Could you copy exactly the lines below, beginning at the line with "A 柱 / B 柱 / C" and stopping after the line with "定制双耳吃饭碗不锈钢熊猫碗卡通注水双层防摔防烫家用儿童轻食碗", with no pictures?

Short descriptive text snippets:
____________________

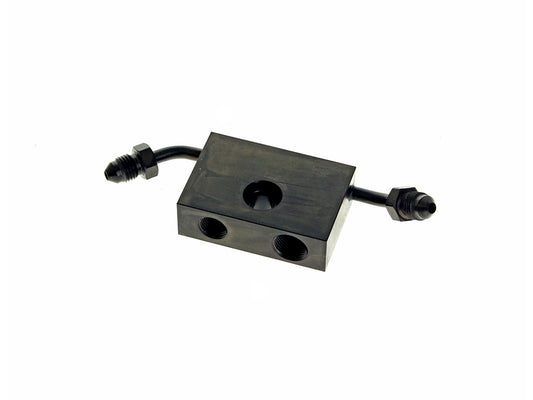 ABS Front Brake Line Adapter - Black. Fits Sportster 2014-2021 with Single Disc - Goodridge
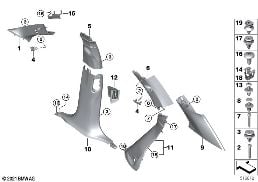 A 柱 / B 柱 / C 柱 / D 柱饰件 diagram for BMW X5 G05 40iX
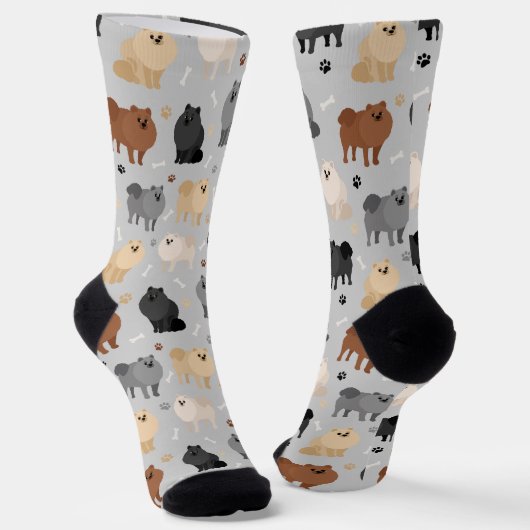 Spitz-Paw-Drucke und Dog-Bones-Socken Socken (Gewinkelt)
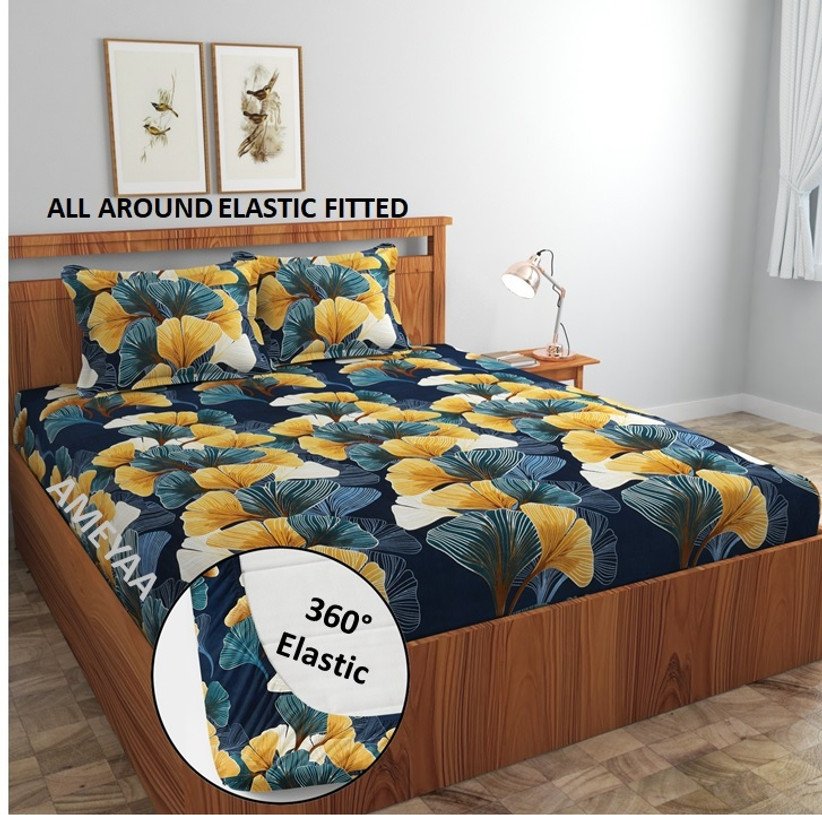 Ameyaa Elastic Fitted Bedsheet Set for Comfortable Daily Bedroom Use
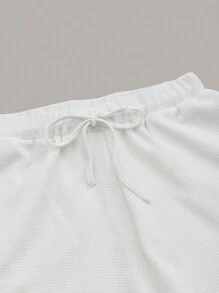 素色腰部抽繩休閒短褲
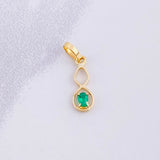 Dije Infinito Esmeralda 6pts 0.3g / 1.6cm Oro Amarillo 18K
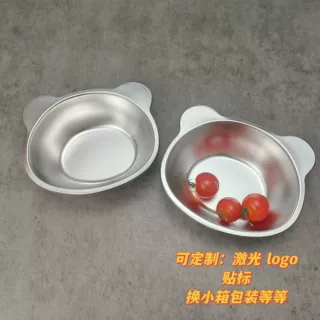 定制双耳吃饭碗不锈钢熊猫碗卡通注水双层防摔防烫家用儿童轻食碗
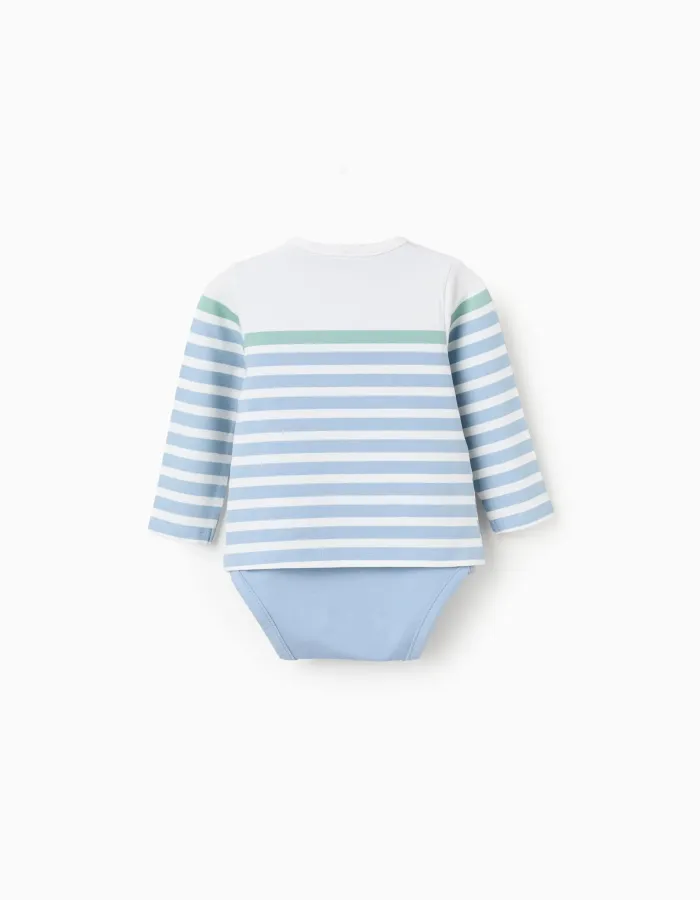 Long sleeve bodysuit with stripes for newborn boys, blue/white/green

____________________

● **Exercise response**:
 A 柱 / B 柱 / C 柱 / D 柱饰件 diagram for BMW X5 G05 40iX
 Spitz-Paw-Drucke und Dog-Bones-Socken Socken (Gewinkelt)
 Ameyaa Elastic Fitted Bedsheet Set for Comfortable Daily Bedroom Use
 素色腰部抽繩休閒短褲
 Dije Infinito Esmeralda 6pts 0.3g / 1.6cm Oro Amarillo 18K
 定制双耳吃饭碗不锈钢熊猫碗卡通注水双层防摔防烫家用儿童轻食碗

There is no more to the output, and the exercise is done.